[Stored dataset items]
━━━━━━━━━━━━━━━━━━━━

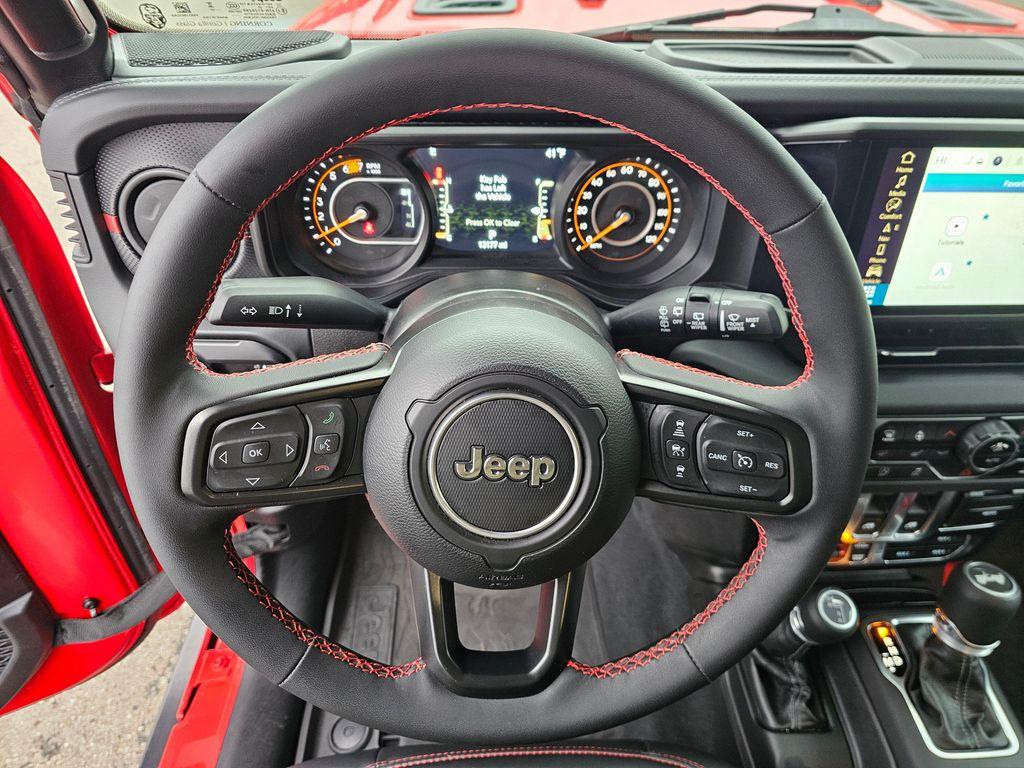 used 2024 Jeep Wrangler car, priced at $40,900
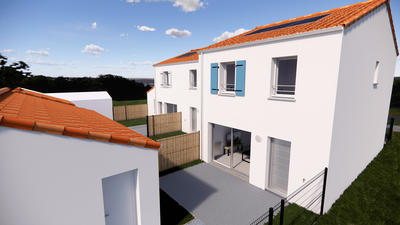 Maison - 85 m² - 4 pièces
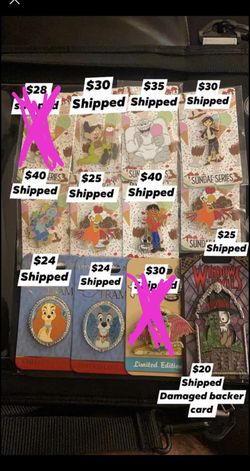 Disney Pins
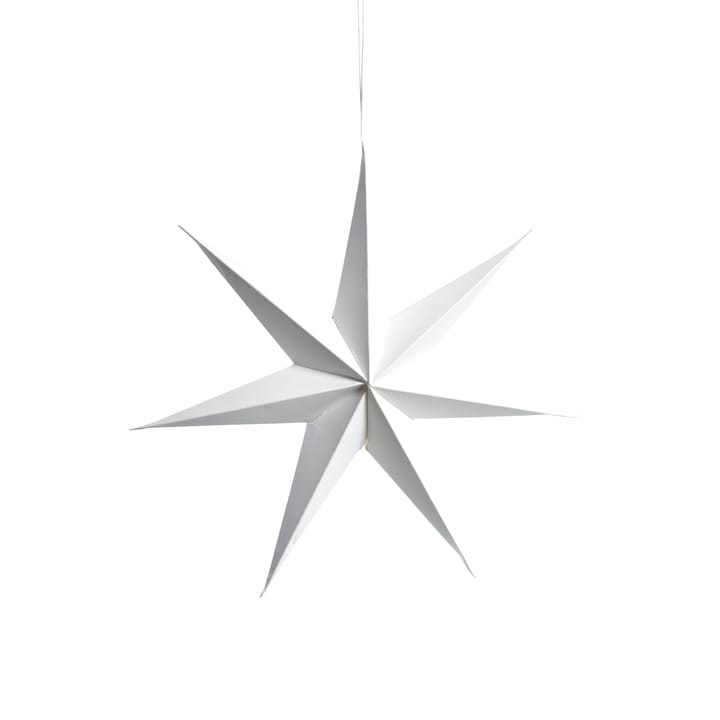 Pappia stjärna 30 cm - White - Lene Bjerre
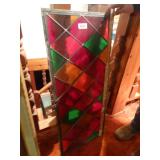 Vintage stained glass window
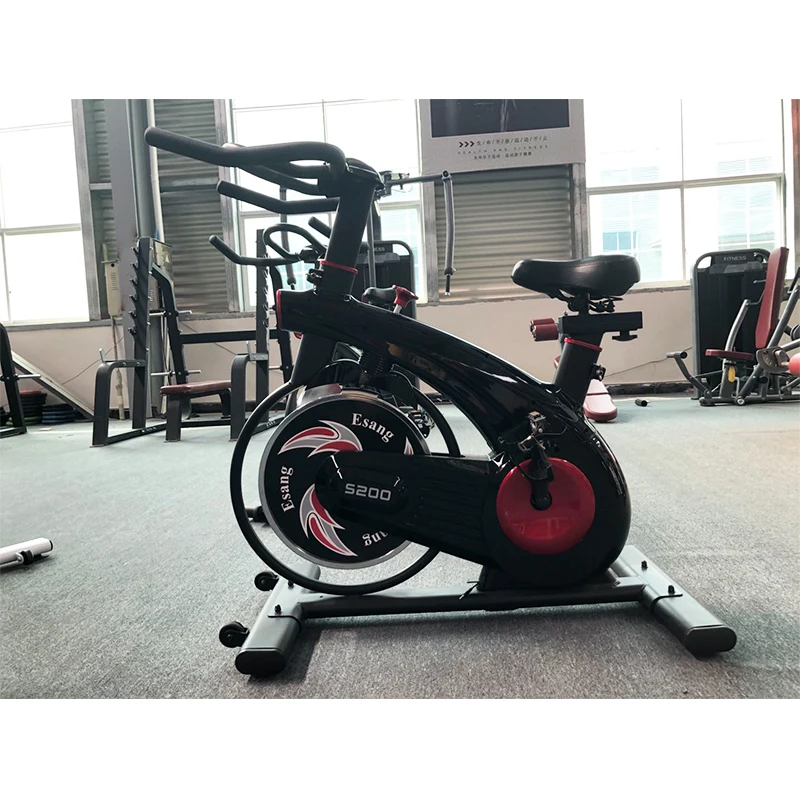 

Indoor bikes workout exercise bike bicycle spin home cycle bike for spinning fitness equipment, Black
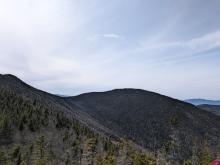 View on way up Porter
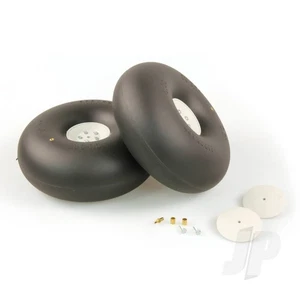 Dubro DB600RV 6" (152 mm) Smooth Inflatable Wheels (2pcs) For RC Model Aircraft - Picture 1 of 1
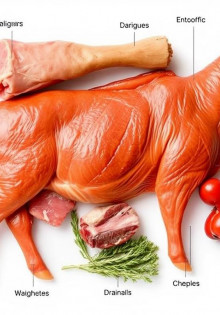Мясо дичи: Исследуем мир вкуса, видов и особенностей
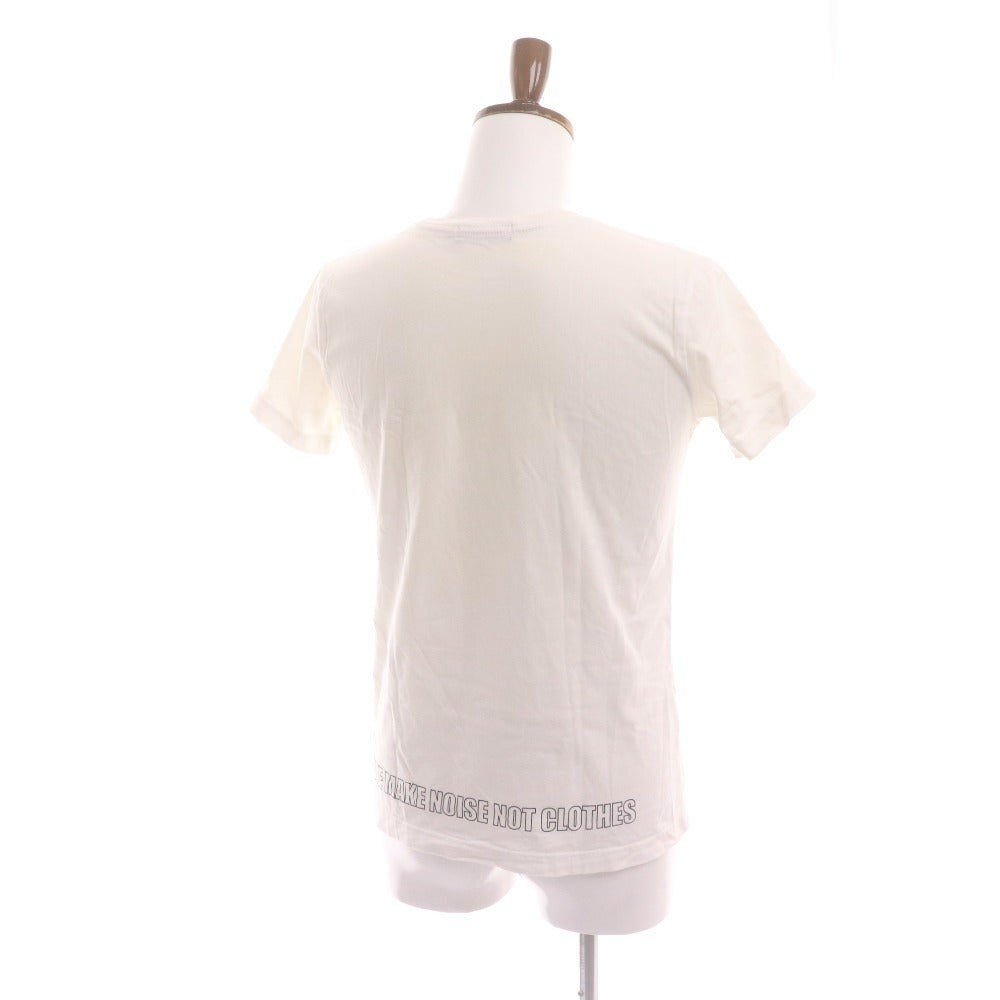 ■ アンダーカバー UNDERCOVER Tシャツ 半袖 トップス カットソー コットン100% Uロゴ メンズ S ホワイト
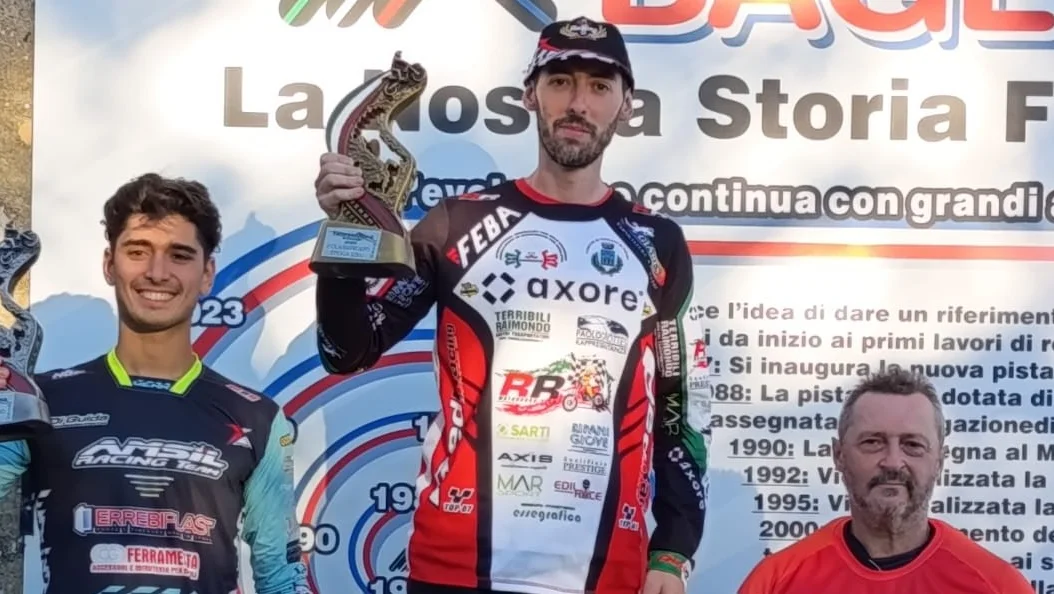 Gianluca Credi concede il bis, per il team Red Racing un tris Tricolore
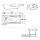 Roca Wanna stalowa 180x80cm Swing Plus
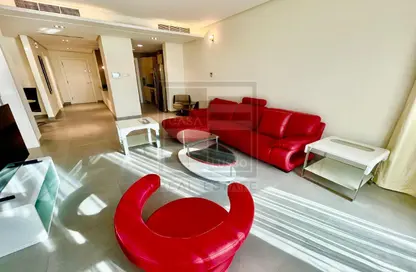Apartment - 1 Bedroom - 2 Bathrooms for rent in Amwaj Avenue - Amwaj Islands - Muharraq Governorate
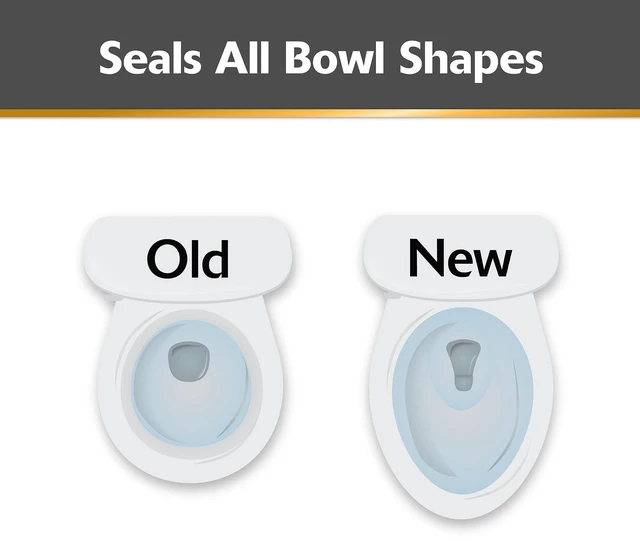 Alt view image 4 of 6 - Korky 92-4 Toilet Plunger, Flexible Rubber, Fits All Bowl Shapes, Clears Common Clogs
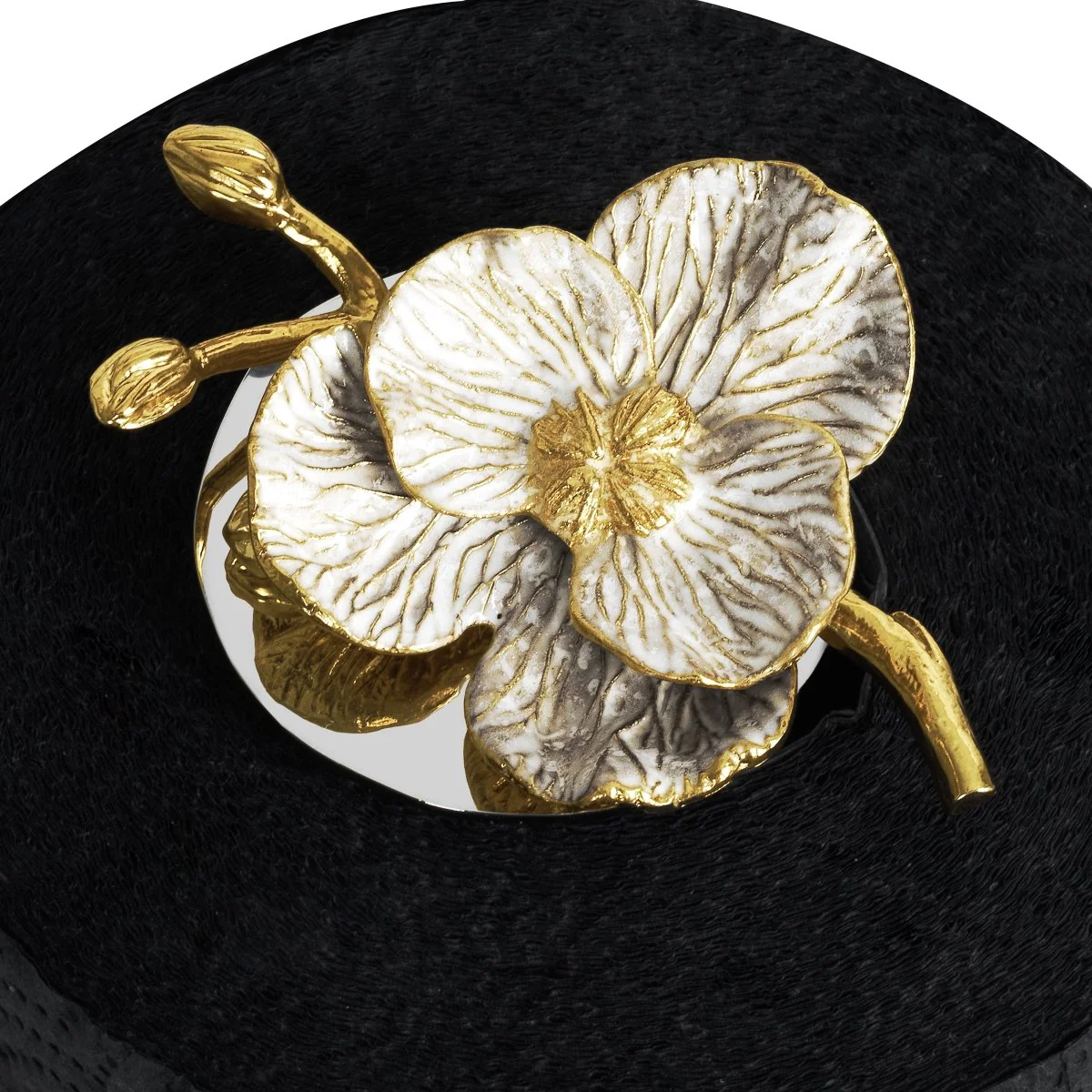 Orchid Paper Towel Holder - Micheal Aram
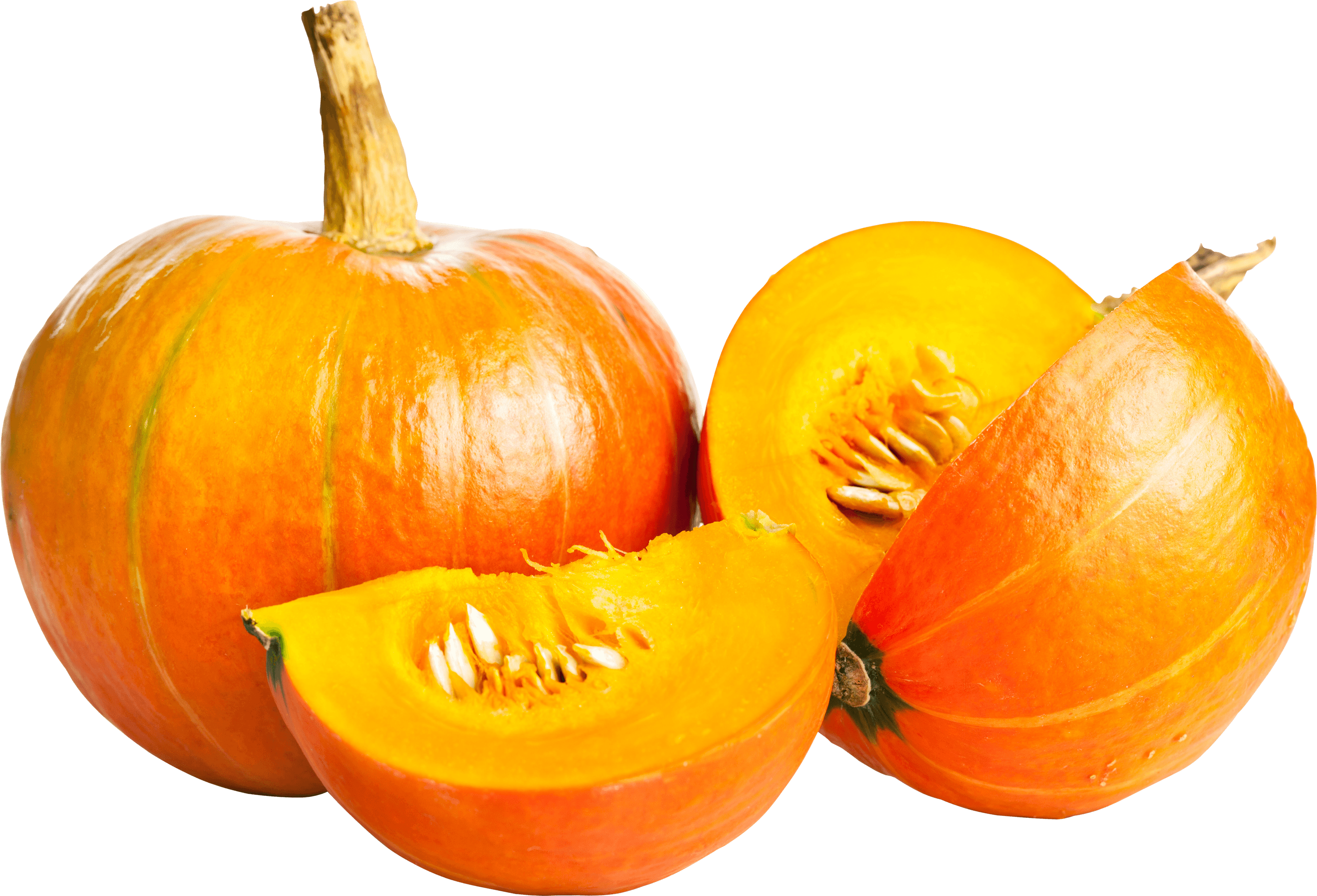 Duo Sliced Pumpkin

━━━━━━━━━━━━━━━━━━━━

• **Requirement**:
Would you retype every line shown above exactly, leaving the pictures aside?

• **Output below**:
 used 2024 Jeep Wrangler car, priced at $40,900
 Maison - 85 m² - 4 pièces
 Disney Pins
 Pappia stjärna 30 cm - White - Lene Bjerre
 Vintage stained glass window

Indoor bikes workout exercise bike bicycle spin home cycle bike for spinning fitness equipment, Black
 View on way up Porter
 Dubro DB600RV 6" (152 mm) Smooth Inflatable Wheels (2pcs) For RC Model Aircraft - Picture 1 of 1
Мясо дичи: Исследуем мир вкуса, видов и особенностей
 ■ アンダーカバー UNDERCOVER Tシャツ 半袖 トップス カットソー コットン100% Uロゴ メンズ S ホワイト
 Gianluca Credi concede il bis, per il team Red Racing un tris Tricolore
 Roca Wanna stalowa 180x80cm Swing Plus
Apartment - 1 Bedroom - 2 Bathrooms for rent in Amwaj Avenue - Amwaj Islands - Muharraq Governorate
 Alt view image 4 of 6 - Korky 92-4 Toilet Plunger, Flexible Rubber, Fits All Bowl Shapes, Clears Common Clogs
 Orchid Paper Towel Holder - Micheal Aram
 Duo Sliced Pumpkin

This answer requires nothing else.